College has already started and you may think that it’s too late to take advantage of tax savings for 529 plans. It looks like you’ve got a little rethinking to do. If you’ve been blessed with good geography, aka live in the right state, you could potentially save several hundred dollars (give or take) on your taxes.  

Here’s a summary of how this idea can work for you. Assuming you have another college savings plan, the money from there is taken and moved into the 529 plan of your state. When the next college tuition bill arrives, it will be paid with the money from the 529 plans. 

By doing this, you can claim a tax deduction from your state income tax. The expense of college has just become a write off on your state income tax return. And just like that, you’ve received a tax savings benefit from your 529.   

Not all states allow this 529 write off, so be sure to do your research. But the good news is that over fifty percent of the states and the District of Columbia will allow you to deduct all or part of your contributions. Rules do vary so be sure to check with your state or a tax professional for more details. 

For example, three states- Kansas, Maine and Pennsylvania, even allow residents to deduct their contributions to out of state plans as well.
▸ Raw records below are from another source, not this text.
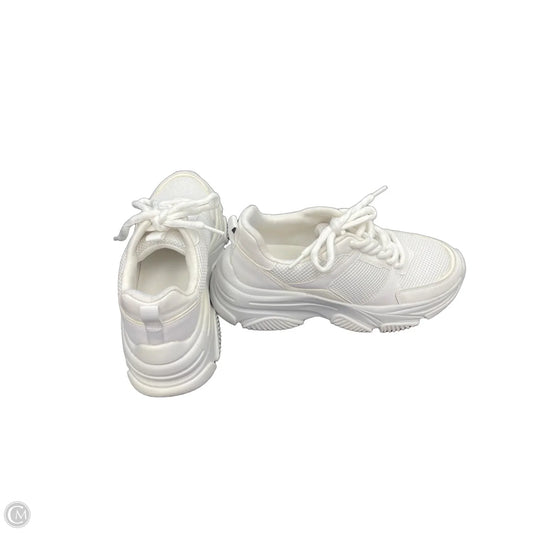 Shoes Athletic By Wild Fable In White, Size: 8.5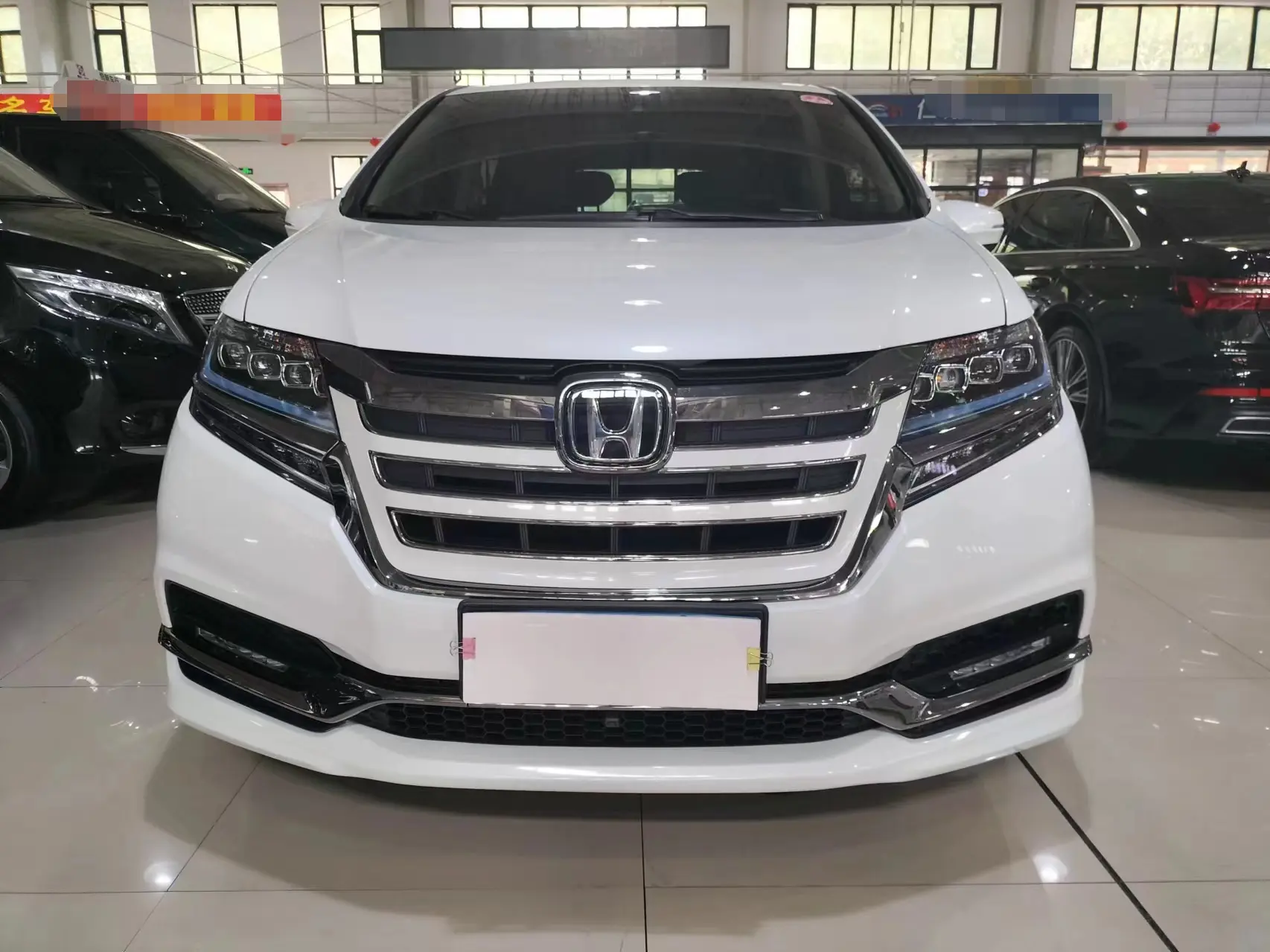 Honda Elysion (Alison)  из Китая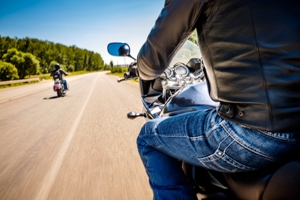 motorcyclist doing illegal lane splitting maneuver in Tennessee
The tax savings could be several hundred dollars so it is very well worth the effort of doing your homework. Also, be aware that there are a few states that will require the funds to be held in the 529 plans for a minimum time period. 

It is important to choose the right administrator for your plan. By making such an immediate payment to the college, the transaction costs in creating the account will probably be greater than the amount of money that the account will generate. So not all plan providers love this sort of quick transaction. But a good administrator will help you find all the tax benefits.

The state tax department loses revenue with transactions like this so who can tell what sort of changes in policy could be made. The rules governing those write-offs may be changing soon.

And many of the plan managers could change over the next few years, since some 60% of state contracts with their current 529 providers are set to expire by 2010.  This is why it is so very important to check with your accountant or tax professional regarding the 529 plan rules in your state. 

Parents, grandparents, other family members, friends or anyone can establish a 529 plan.  You can even establish one for yourself. Since there are no age restrictions, it’s never too late to open a 529 plan (named after its section in the IRS code). Funds are generally available for immediate use.  And it’s easy to withdraw money from your fund. 

 By filling out certain forms, you can even arrange for the money to be sent directly to the college. Take advantage of the tax opportunity while you still can. It’s only too late once you graduate because unfortunately, student loan payments don’t count.  Of course, there’s always graduate school.

A few hundred dollars here and there can really add up especially during the college years.  So what if college has started?   Look for those state tax breaks with a 529 plan.  Take advantage of the tax savings for 529 plans right now even though college has started and put a little extra green in your pocket.